Data Replication: Approaching the Problem

With our next Delphix release just around the corner, I wanted to spend some time discussion the engineering process behind one of the major new features: data replication between servers.

With our next Delphix release just around the corner, I wanted to spend some time discussion the engineering process behind one of the major new features: data replication between servers. The current Delphix version already has a replication solution, so how does this constitute a "new feature"? The reason is that it's an entirely new system, the result of an endeavor to create a more reliable, maintainable, and extensible system. How we got here makes for an interesting tale of business analysis, architecture, and implementation.

Where did we come from?

Before we begin looking at the current implementation, we need to understand why we started with a blank sheet of paper when we already had a shipping solution. The short answer is that what we had was unusable: it was unreliable, undebuggable, and unmaintainable. And when you're in charge of data consistency for disaster recovery, "unreliable" is not an acceptable state. While I had not written any of the replication infrastructure at Fishworks (my colleagues Adam Leventhal and Dave Pacheco deserve the credit for that), I had spent a lot of time in discussions with them, as well as thinking about how to build a distributed data architecture at Fishworks. So it seemed natural for me to take on this project at Delphix. As I started to unwind our current state, I found a series of decisions that, in hindsight, led to the untenable state we were in today.

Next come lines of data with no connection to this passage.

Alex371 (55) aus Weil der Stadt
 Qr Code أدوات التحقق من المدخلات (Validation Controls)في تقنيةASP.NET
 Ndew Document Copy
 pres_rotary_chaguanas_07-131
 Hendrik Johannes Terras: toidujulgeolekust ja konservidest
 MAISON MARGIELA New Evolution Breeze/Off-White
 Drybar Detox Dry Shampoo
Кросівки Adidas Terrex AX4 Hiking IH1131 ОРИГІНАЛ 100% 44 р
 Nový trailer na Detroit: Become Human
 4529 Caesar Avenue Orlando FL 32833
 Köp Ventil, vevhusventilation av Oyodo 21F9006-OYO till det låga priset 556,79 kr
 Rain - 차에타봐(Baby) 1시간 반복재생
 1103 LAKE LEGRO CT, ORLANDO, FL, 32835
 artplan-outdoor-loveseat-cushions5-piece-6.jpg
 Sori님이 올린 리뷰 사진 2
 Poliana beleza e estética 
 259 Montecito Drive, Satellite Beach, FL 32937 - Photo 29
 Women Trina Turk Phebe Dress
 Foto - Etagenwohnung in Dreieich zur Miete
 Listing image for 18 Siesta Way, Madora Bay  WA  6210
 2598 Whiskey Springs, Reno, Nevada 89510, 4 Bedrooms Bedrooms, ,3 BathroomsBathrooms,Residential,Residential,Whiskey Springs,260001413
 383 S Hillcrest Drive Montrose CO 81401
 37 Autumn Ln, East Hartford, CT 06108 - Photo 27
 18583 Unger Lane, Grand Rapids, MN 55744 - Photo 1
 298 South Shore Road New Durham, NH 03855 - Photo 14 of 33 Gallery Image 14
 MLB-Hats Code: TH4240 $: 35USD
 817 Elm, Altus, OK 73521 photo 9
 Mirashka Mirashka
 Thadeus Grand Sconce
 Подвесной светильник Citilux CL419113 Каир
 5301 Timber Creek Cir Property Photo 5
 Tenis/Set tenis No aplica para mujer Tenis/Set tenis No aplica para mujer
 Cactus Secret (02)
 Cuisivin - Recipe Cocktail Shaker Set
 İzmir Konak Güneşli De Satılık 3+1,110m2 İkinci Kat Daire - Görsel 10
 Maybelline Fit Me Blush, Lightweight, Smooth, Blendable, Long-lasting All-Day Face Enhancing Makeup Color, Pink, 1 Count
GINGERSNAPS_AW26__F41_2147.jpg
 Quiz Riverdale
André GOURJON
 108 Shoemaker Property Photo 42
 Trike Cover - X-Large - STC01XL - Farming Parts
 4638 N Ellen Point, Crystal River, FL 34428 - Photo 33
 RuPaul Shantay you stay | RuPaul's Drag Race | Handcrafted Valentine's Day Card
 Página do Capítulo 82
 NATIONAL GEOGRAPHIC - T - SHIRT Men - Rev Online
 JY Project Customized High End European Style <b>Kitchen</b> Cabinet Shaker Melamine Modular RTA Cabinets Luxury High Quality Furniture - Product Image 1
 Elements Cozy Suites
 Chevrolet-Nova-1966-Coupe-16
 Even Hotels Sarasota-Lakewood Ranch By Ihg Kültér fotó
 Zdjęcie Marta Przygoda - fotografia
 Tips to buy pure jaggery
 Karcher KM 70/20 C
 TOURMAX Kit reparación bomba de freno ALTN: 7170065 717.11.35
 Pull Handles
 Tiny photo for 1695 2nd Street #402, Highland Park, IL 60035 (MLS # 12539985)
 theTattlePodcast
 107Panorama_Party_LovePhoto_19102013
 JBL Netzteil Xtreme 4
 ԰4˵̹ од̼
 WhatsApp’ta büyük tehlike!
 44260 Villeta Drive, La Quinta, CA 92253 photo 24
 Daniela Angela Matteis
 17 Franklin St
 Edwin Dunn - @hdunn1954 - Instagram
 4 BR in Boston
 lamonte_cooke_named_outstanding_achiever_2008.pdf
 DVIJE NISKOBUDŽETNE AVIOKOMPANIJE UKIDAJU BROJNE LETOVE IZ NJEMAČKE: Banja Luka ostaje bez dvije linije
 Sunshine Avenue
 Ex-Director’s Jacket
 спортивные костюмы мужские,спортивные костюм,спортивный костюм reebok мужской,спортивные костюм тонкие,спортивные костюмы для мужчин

  • Analysis of the business problem - At the core of the current replication system was the notion that its purpose was for disaster recovery. This is indeed a major use case of replication, but it's not the only one (geographical distribution of data being another strong contender). While picking one major problem to tackle first is a reasonable approach to constrain scope, by not correctly identifying future opportunities we ended up with a solution that could only be used for active/passive disaster recovery.

  • Data protocol choice - There is another problem that is very similar to replication: offline backup/restore. Clearly, we want to leverage the same data format and serialization process, but do we want to use the same protocol? NDMP is the industry standard for backups, but it's tailored to a very specific use case (files and filesystems). By choosing to use NDMP for replication, we sacrificed features (resumable operations, multiple streams) and usability (poor error semantics) and maintainability (unnecessarily complicated operation).

  • Outsourcing of work - At the time this architecture was created, it was decided that NDMP was not part of the company's core competency, and we should contract with a third party to provide the NDMP solution. I'm a firm believer that engineering work should never be outsourced unless it's known ahead of time that the result will be thrown away. Otherwise, you're inevitably saddled with a part of your product that you have limited ability to change, debug, and support. In our case, this was compounded by the fact that the deliverable was binary objects - we didn't even have source available.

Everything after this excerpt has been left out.